Subject Company: RMG Acquisition Corporation II

Commission File No. 001-39776

Business Standard – Betting on green

Business Standard

March 3, 2021

India’s largest clean power producer ReNew Power will soon merge with blank-check company RMG Acquisition Corp. II, then become Renew Energy Global, and trade on the Nasdaq.

The merger will extend a wave of clean-tech deals involving special purpose acquisition companies in the US, to include India’s growing renewables market. Announced last month, the deal will give Goldman Sachs-backed ReNew—which has over 5 gigawatts of commissioned capacity—an enterprise value of $8 billion. In January, Total of France said it was acquiring a 50 per cent stake in the 2.4 gigawatts operating solar portfolio owned by Adani Green Energy, as well as a 20 per cent minority stake in the company, in a $2.5-billion deal.
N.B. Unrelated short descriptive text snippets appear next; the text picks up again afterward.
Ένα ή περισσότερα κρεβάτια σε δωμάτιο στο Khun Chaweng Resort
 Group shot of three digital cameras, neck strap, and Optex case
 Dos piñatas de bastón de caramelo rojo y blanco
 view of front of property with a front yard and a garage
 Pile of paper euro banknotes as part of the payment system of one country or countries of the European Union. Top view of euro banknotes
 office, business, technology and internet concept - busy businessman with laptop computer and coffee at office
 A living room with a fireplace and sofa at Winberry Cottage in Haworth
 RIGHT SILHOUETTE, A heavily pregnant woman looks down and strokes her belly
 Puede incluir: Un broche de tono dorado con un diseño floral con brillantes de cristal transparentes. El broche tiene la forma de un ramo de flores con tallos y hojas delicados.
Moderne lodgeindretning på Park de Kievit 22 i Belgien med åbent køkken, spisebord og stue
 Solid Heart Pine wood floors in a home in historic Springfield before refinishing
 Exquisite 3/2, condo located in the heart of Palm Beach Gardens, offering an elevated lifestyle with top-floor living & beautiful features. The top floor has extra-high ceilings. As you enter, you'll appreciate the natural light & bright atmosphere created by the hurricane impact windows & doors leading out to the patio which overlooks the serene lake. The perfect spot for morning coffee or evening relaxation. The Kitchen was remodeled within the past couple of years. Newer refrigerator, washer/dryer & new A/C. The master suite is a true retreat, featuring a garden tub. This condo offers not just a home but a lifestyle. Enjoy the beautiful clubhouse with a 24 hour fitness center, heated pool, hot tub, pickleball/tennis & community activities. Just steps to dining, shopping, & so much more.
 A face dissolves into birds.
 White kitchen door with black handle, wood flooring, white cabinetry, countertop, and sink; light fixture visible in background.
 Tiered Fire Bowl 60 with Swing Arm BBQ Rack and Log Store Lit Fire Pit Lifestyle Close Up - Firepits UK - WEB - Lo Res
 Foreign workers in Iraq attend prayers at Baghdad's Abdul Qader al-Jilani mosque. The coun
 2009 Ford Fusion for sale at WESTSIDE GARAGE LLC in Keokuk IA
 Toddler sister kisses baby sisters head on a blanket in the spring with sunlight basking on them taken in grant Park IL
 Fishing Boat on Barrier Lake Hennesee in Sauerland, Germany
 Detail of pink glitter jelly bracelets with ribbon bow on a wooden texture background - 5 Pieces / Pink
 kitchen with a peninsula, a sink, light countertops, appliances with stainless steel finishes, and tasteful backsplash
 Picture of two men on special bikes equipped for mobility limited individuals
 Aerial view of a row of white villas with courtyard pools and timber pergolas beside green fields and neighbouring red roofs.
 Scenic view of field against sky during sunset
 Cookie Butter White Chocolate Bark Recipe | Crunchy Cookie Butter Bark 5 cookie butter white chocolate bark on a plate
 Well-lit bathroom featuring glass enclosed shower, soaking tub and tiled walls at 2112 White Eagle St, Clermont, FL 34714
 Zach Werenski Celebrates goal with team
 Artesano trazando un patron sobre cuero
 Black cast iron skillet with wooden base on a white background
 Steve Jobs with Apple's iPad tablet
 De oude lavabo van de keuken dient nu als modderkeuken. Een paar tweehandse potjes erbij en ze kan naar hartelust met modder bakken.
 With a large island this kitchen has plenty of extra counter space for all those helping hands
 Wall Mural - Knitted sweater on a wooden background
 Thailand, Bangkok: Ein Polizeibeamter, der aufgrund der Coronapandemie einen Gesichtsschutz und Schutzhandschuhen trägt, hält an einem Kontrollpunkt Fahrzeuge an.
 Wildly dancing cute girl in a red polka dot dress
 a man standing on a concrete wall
There has been a recent spurt of investor interest in India’s renewables space, with the outlook for the sector, as well as for electricity demand growth, remaining strong.

Solar debutants

Besides the direct investment deals, the list of “debutants” in India’s solar auctions also tells a similar story. Companies like Italy’s Enel and Saudi Arabia’s Aljomaih Energy and Water seem to have adopted an aggressive “bid-to-win” strategy. However, some like Vena Energy (portfolio company of Global Infrastructure Partners) managed to secure higher tariffs than others, according to BloombergNEF’s lead solar analyst, Rohit Gadre.

The first-time winners of 2020 auctions also include Indian companies like Torrent Power, Axis Energy and SJVN, a public sector firm.

“Intense competition at auctions and the continuous entry of new bidders, shows that power producers remain bullish on India’s solar prospects,” said Gadre. The competition led to solar tariffs touching a new record low of INR 1.99 per unit last year. This interest is despite the challenges posed by the financial distress of many distribution companies, and various other systemic issues. The investment in India’s wind sector, in contrast, has been subdued, with tariffs edging up and some bids under-subscribed. The debutant in this sector was JSW Energy, which bagged 810 megawatts in the only wind auction of 2020 with a tariff close to INR 3 per unit. According to the auction terms announced, there is an option to add up to 20 per cent solar in the project mix, but that is not mandatory.


In January 2021, India’s solar capacity surpassed that in wind. According to data on the website of the Ministry of New and Renewable Energy, solar power capacity totalled 38.79 gigawatts at the end of January, while wind power installations were at 38.68 gigawatts. The crossover was expected, and fits in with the fact that the target for solar capacity by December 2022 is 100 gigawatts, while that for wind is 60 gigawatts.

Top country

China is the world’s largest investor in the energy transition, and it looks set to maintain its top slot with the new targets announced for 2030. The National Energy Administration of China has proposed new green power mandates for grid operators, power distributors and retailers that imply a cumulative wind and solar capacity of 1,580 gigawatts by 2030, according to BNEF estimates. This tops the 1,200 gigawatts cumulative target announced by President Xi Jinping at the Climate Ambition Summit in December.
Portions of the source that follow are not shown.